Leur offensive anti-EI bloquée à Hajine, les milices kurdes syriennes ont de nouveau été visées par l’artillerie turque

Le soutien américain aux Unités de protection du peuple [YPG], c’est à dire les milices kurdes qui, au sein des Forces démocratiques syriennes [FDS], sont en première ligne face à l’État islamique [EI ou Daesh], est l’un des contentieux entre Ankara et Washington.

En effet, ces milices kurdes sont liées au Parti des travailleurs du Kurdistan turc [PKK], à l’origine d’une sanglante rébellion en Turquie. D’où l’attitude turque… qui n’est pas sans conséquence sur les opérations menées par la coalition dirigée par les États-Unis contre l’organisation jihadiste.

Ainsi, l’hiver dernier, l’opération « Rameau d’Olivier », lancée par des groupes rebelles syriens, appuyés par la Turquie, contre l’enclave kurde d’Afrin, dans le nord de la Syrie, a grandement compliqué les actions contre les derniers bastions encore tenus par l’EI sur la rive orientale de l’Euphrate, dans la province syrienne de Deir ez-Zor.

D’ailleurs, l’offensive des FDS qui, appelée Roundup, doit permettre de réduire la poche d’Hajine et de mettre un terme au « califat physique » autoproclamé par l’EI, connaît actuellement de grandes difficultés.

Dans la semaine du 13 octobre, profitant des mauvaises conditions météorologiques (vents de sable) ayant compliqué les opérations aériennes de la coalition, les jihadistes ont lancé plusieurs contre-attaques depuis plusieurs jours. Les dernières ont contraint les FDS à abandonner, en grande partie, le terrain qu’elles avaient jusqu’alors conquis. D’après l’Observatoire syrien des droits de l’Homme [OSDH], elles auraient perdu environ 70 combattants lors des dernières attaques lancées par l’EI, qui a recours à ses moyens habituels (attentats suicides, voitures piégées, etc).

Signe de l’intensité des combats, les trois CAESAr [Camions équipés d’un système d’artillerie] français de la force Chammal ont effectué 17 missions de tir depuis l’Irak en direction d’Hajine au cours de ces derniers jours.

« Nos forces ne connaissent pas la région et ne peuvent pas se déplacer dans des conditions de visibilité nulle », a admis un commandant des FDS, sollicité par l’AFP. « Des renforts militaires et des armes lourdes ont été envoyés sur le front et certaines unités seront remplacées par des unités plus expérimentées. […] Nous lancerons une nouvelle campagne militaire dès que ces renforts seront arrivés », a-t-il ajouté.

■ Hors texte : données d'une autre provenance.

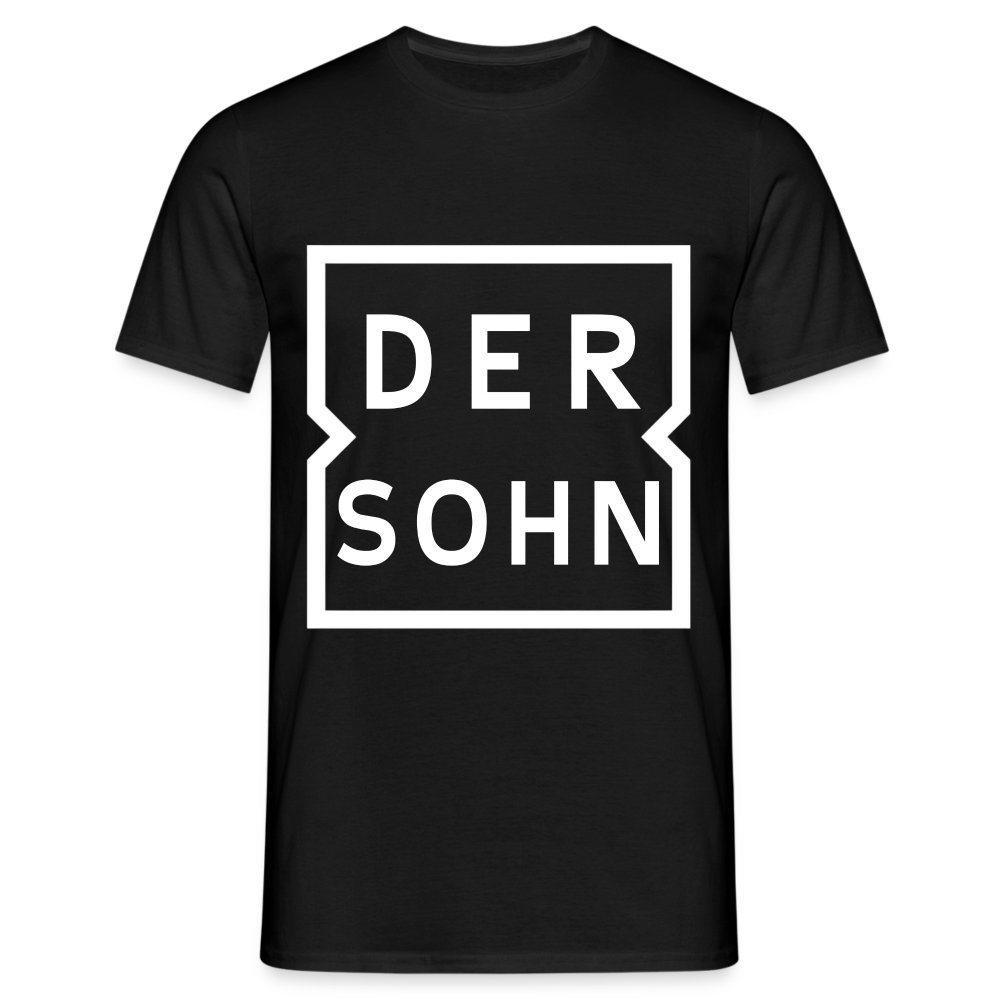Der Sohn Herren T-Shirt - Schwarz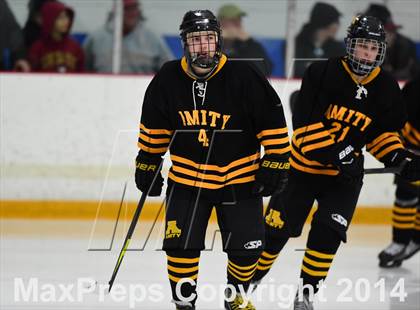 Thumbnail 2 in Amity Regional vs. Branford (SCC DII Final) photogallery.
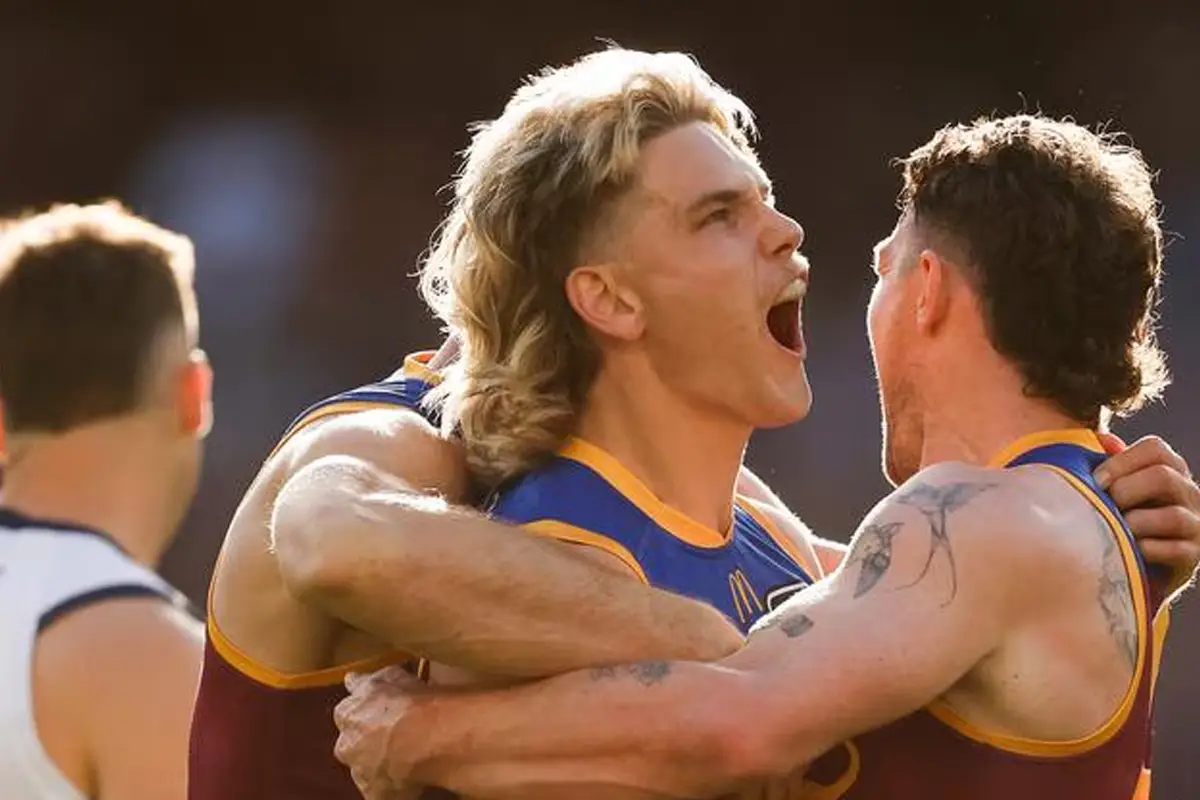 Who Won Norm Smith 2025? Will Ashcroft Wins Medal After Brisbane Lions Grand Final Victory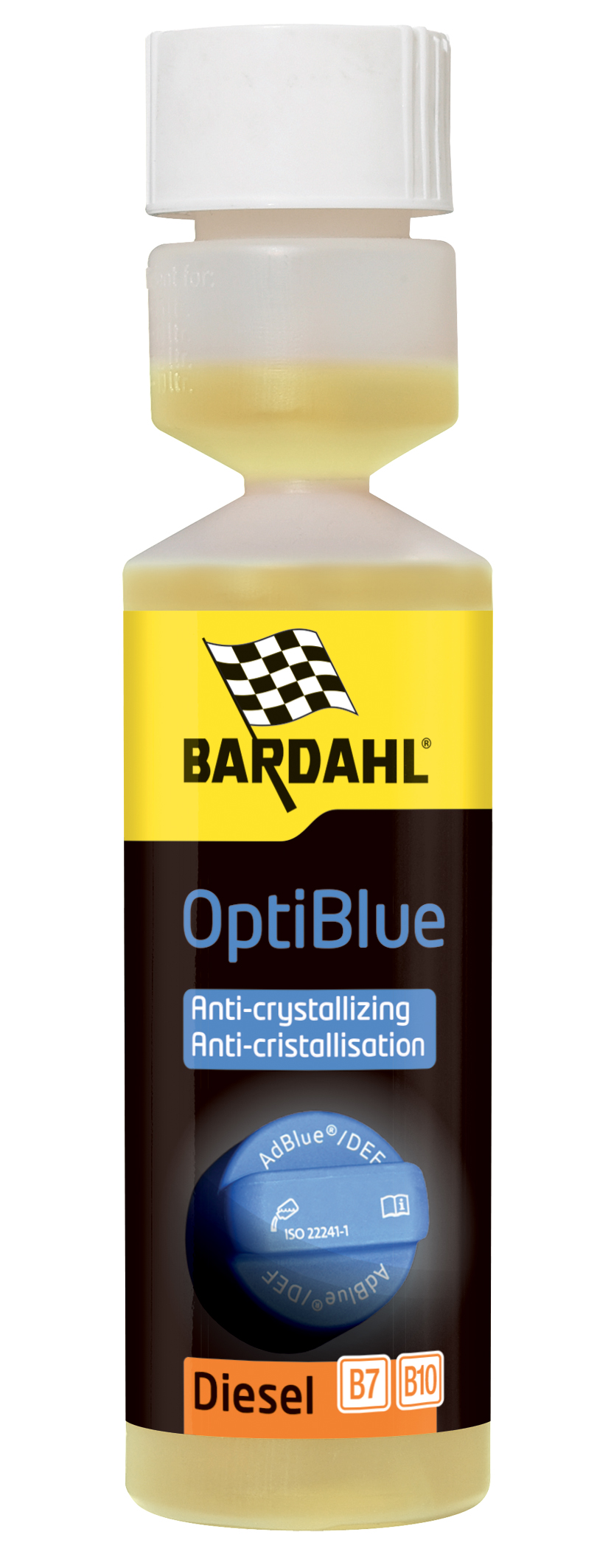 Nouveau produit contre la cristallisation de l'AdBlue - Industrial  maintenance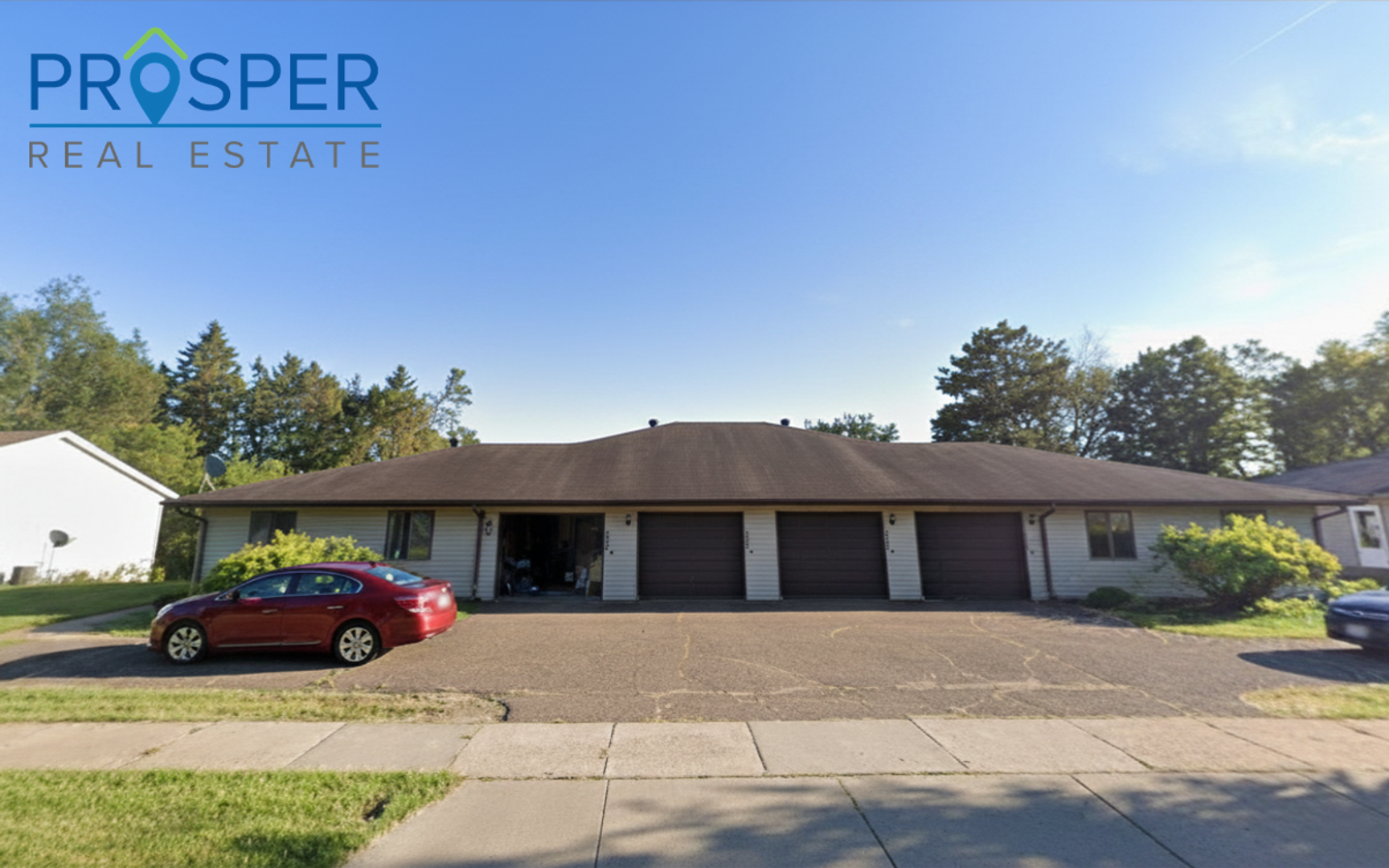 Eau Claire Apartment: 2305 Frank Street
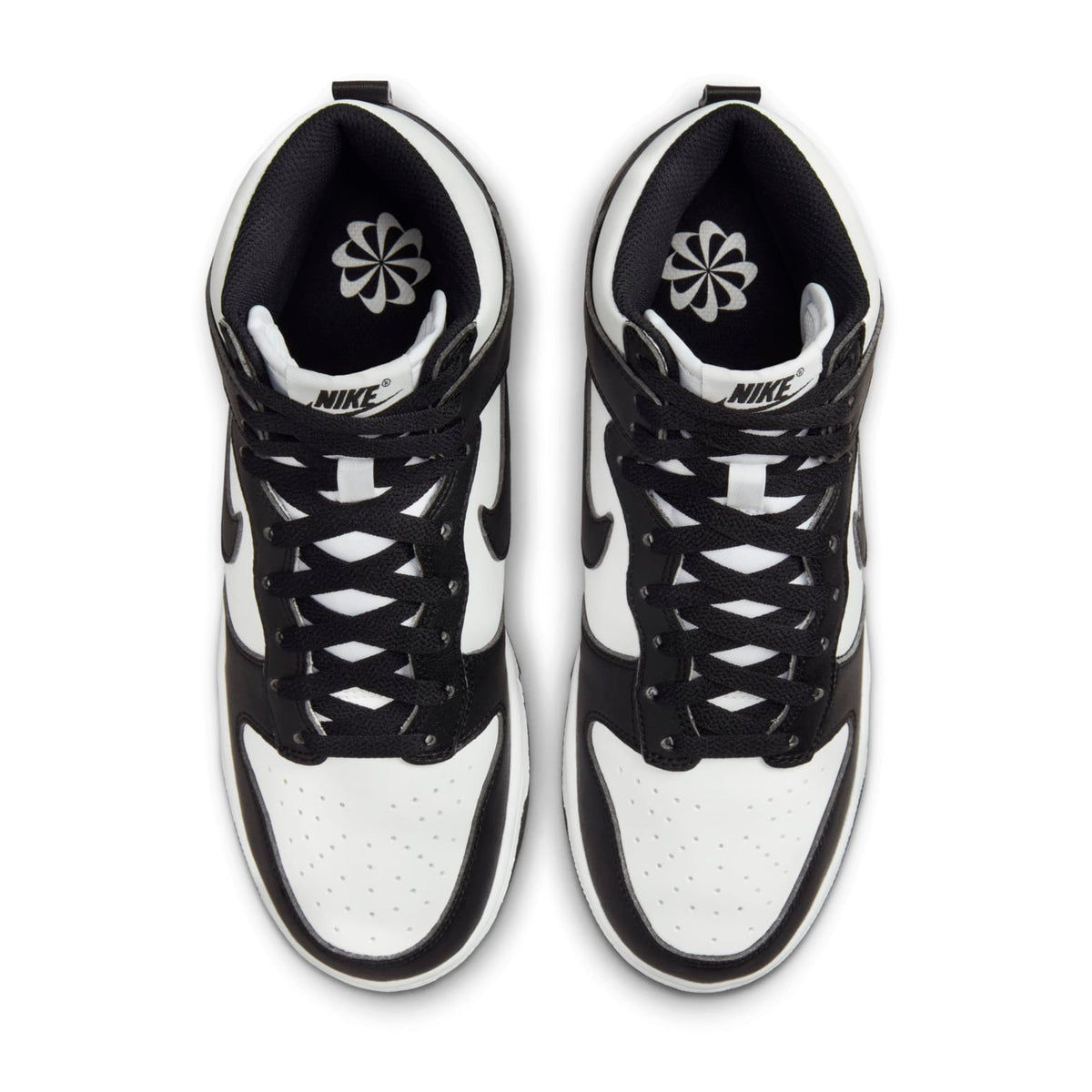 (WMNS) Nike Dunk High Next Nature 'Panda' FV5960-101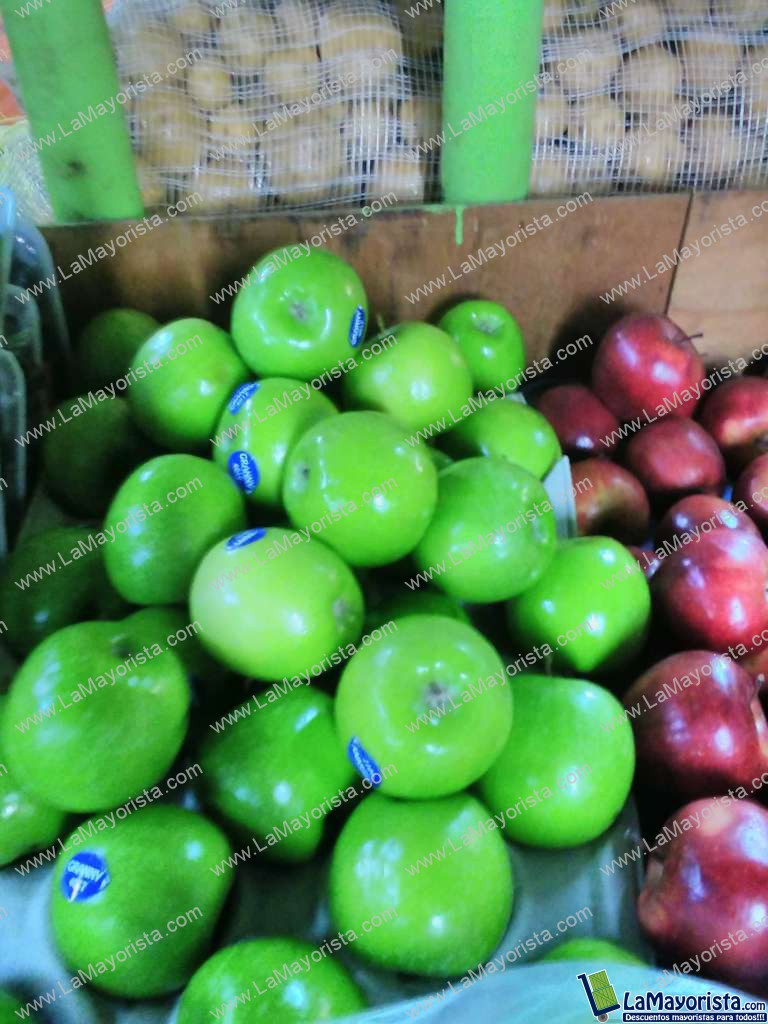 manzana verde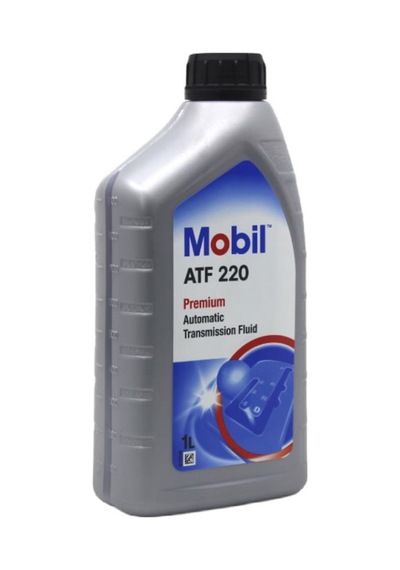 Mobil Atf 220 Dexron II Otomatik Şanzıman Yağı 1 L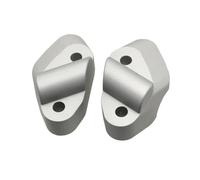 Attacchi manubrio Compatibile Con Ducati Per Multistrada 950 1200 2017 2018 2019 2020 2021 2022 2023 Manubrio Riser Bar Morsetto Di Montaggio Accessori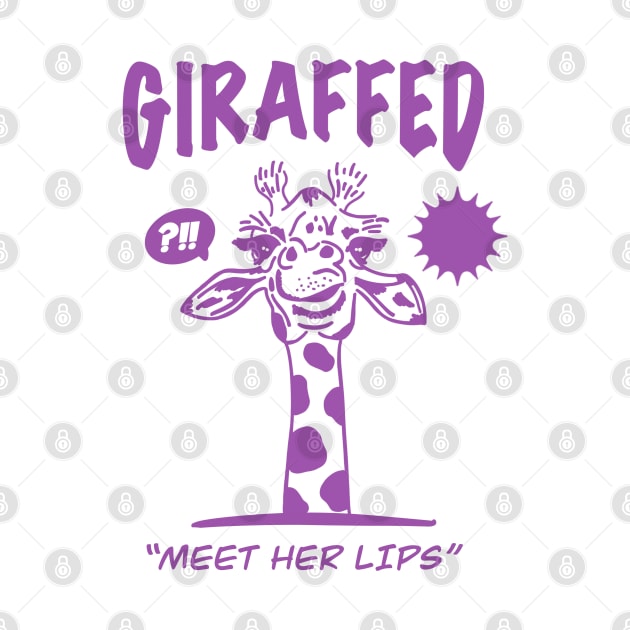 Giraffed by stephanieduck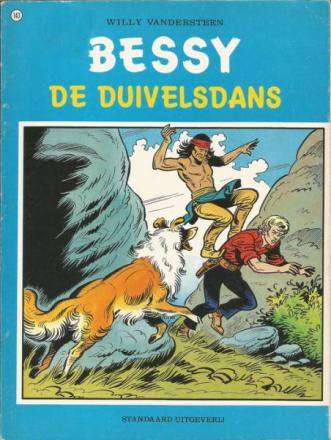 Bessy 143 - De duivelsdans (2ehands)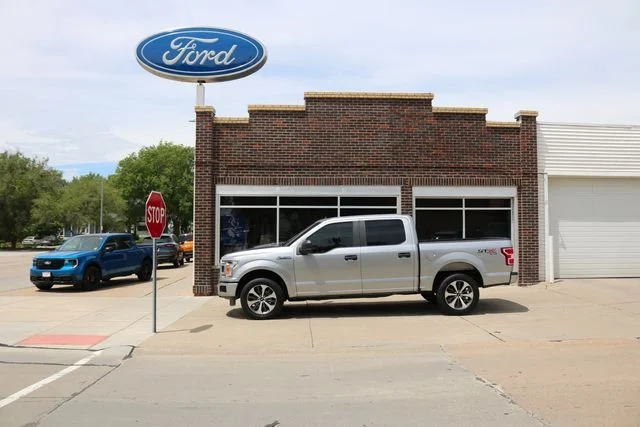 2020 Ford F-150 XL 4x4 SuperCrew 5-1/2 Box's photo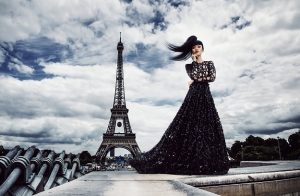 JESSICA MINH ANH IMPRESSIVE HAUTE COUTURE LOOKS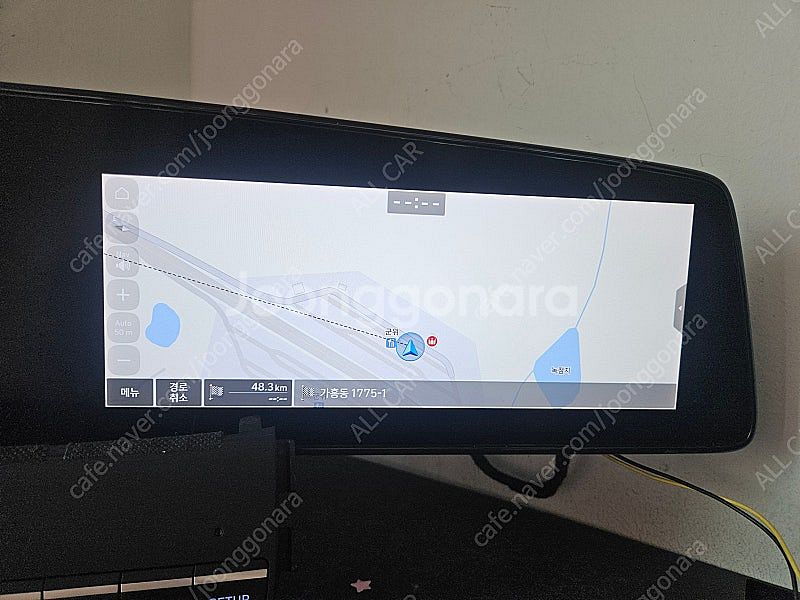 [올카] 아반떼 CN7 2021년 파노라마 디스플레이 ...--2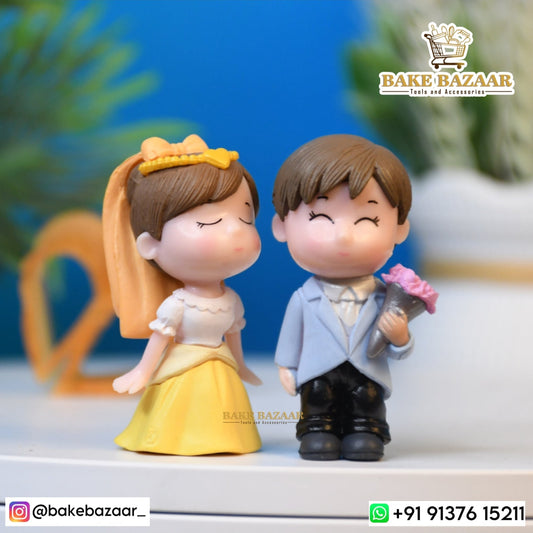 Couple Miniature BBM011
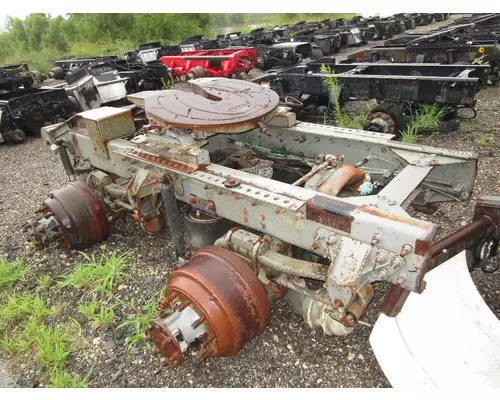 Cutoff Assembly (Housings & Suspension Only) ROCKWELL RT-40-145 Tim Jordan's Truck Parts, Inc.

Seulement, le déploiement de ces renforts pourrait être rendu plus compliqué par la situation qui prévaut actuellement dans la région de Kobané. Quelques heures après un sommet « Turquie-Russie-France-Allemagne » pour évoquer le dossier syrien et en particulier la trêve – fragile – en vigueur dans la province d’Idleb, l’artillerie turque a bombardé des positions tenues par les YPG sur une colline située près du village de Zur Maghar, sur la rive orientale de l’Euphrate en face de la ville de Jarabulus.

Pour rappel, cette dernière avait été prise à l’EI par des rebelles syriens, soutenus par les forces turques, en 2016, dans le cadre de l’opération « Bouclier de l’Euphrate ».

D’après l’agence Anadolu, l’artillerie turque aurait riposté à des tirs provenant des positions tenues par les YPG. Aucun bilan de ce bombardement n’a été donné, si ce n’est que des sources kurdes ont indiqué que « plusieurs maisons » ont été endommagées.

Les deux précédentes opérations menées par la Turquie – Bouclier de l’Euphrate en 2016/17 et Rameau d’olivier en janvier 2018 – avaient pour objectif d’empêcher les milices kurdes syriennes de disposer d’une continuité territoriale dans le nord de la Syrie, en se focalisant sur la rive occidentale de l’Euphrate. À ce titre, la localité de Manbij, prise à l’EI par les FDS, était l’une des préoccupations d’Ankara. D’où un accord trouvé avec Washington, prévoyant des patrouilles coordonnées entre les forces turques et américaines.

Pour autant, le président turc, Recep Tayyip Erdogan n’a visiblement pas abandonné l’idée de lancer une nouvelle opération dans le nord de la Syrie, cette fois en direction de la rive orientale de l’Euphrate. Ces derniers jours, il a répété cette menace, ayant même lancé un « dernier avertissement » aux milices kurdes syriennes. Or, si Ankara décide une troisième offensive d’envergure contre ces dernières, cela pourrait les conduire à relâcher la pression sur l’EI à Hajine afin de défendre leurs positions dans la région de Kobané.